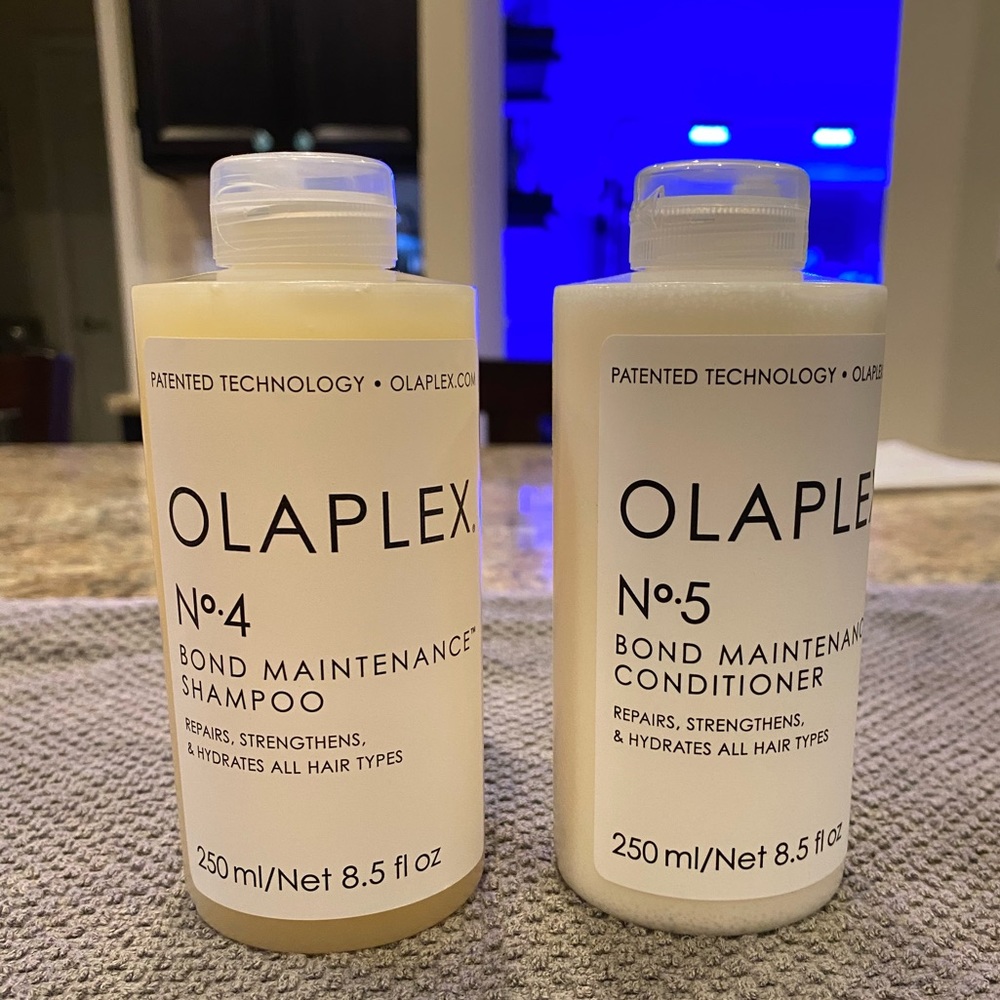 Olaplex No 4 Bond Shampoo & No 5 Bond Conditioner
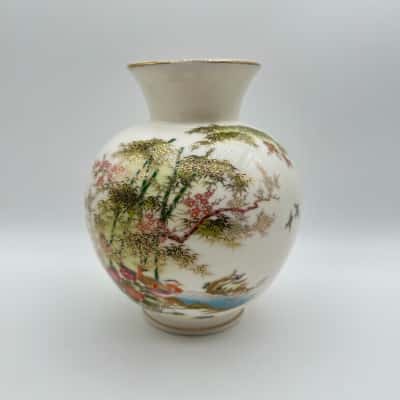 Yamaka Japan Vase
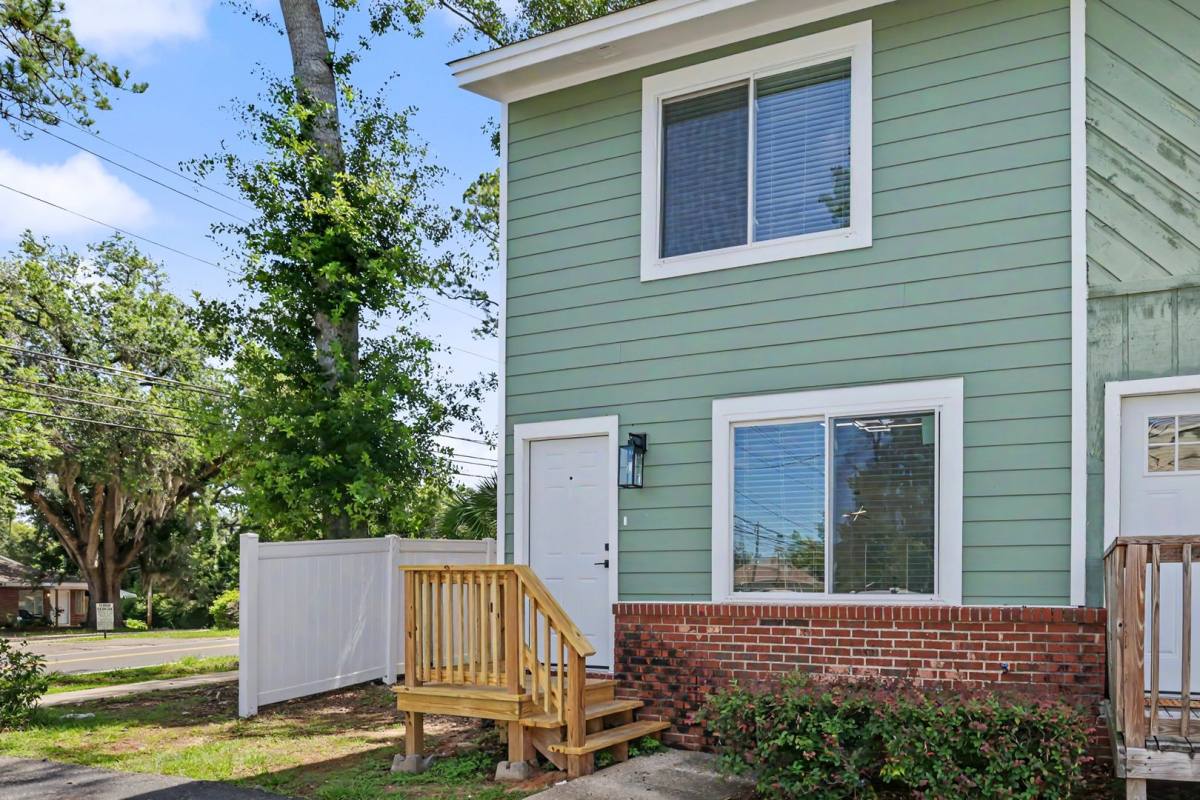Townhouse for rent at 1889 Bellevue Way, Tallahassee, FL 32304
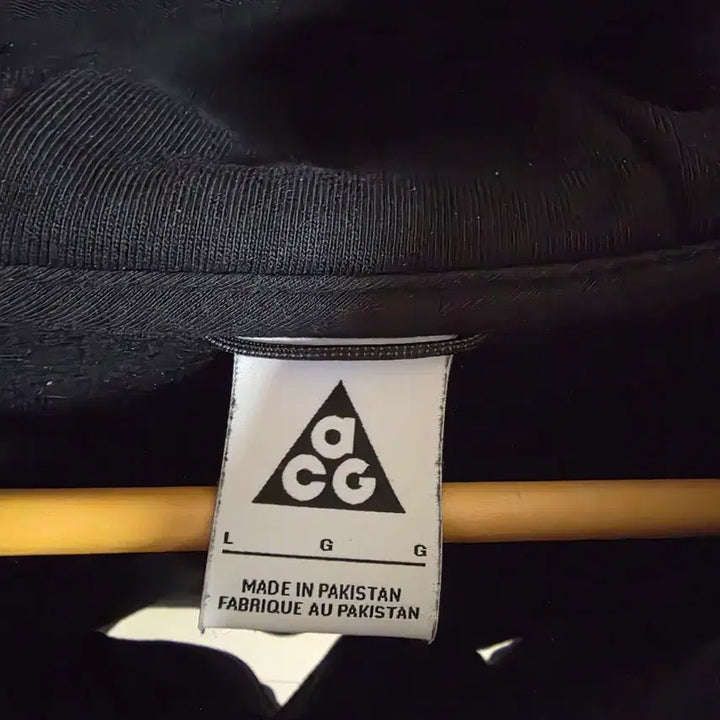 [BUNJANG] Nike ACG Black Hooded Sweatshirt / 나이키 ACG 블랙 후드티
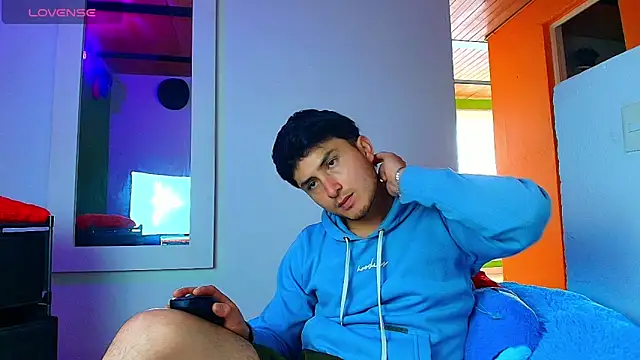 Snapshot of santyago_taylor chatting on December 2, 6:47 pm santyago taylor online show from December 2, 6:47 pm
----
- WHAT YOU ARE ASKED TO DO
From the line that contains "[BUNJANG] Nike ACG" through the last line of the listing, copy each line exactly; both end lines stay in, and pictures stay out.

- RESULT
 [BUNJANG] Nike ACG Black Hooded Sweatshirt / 나이키 ACG 블랙 후드티
 Snapshot of santyago_taylor chatting on December 2, 6:47 pm santyago taylor online show from December 2, 6:47 pm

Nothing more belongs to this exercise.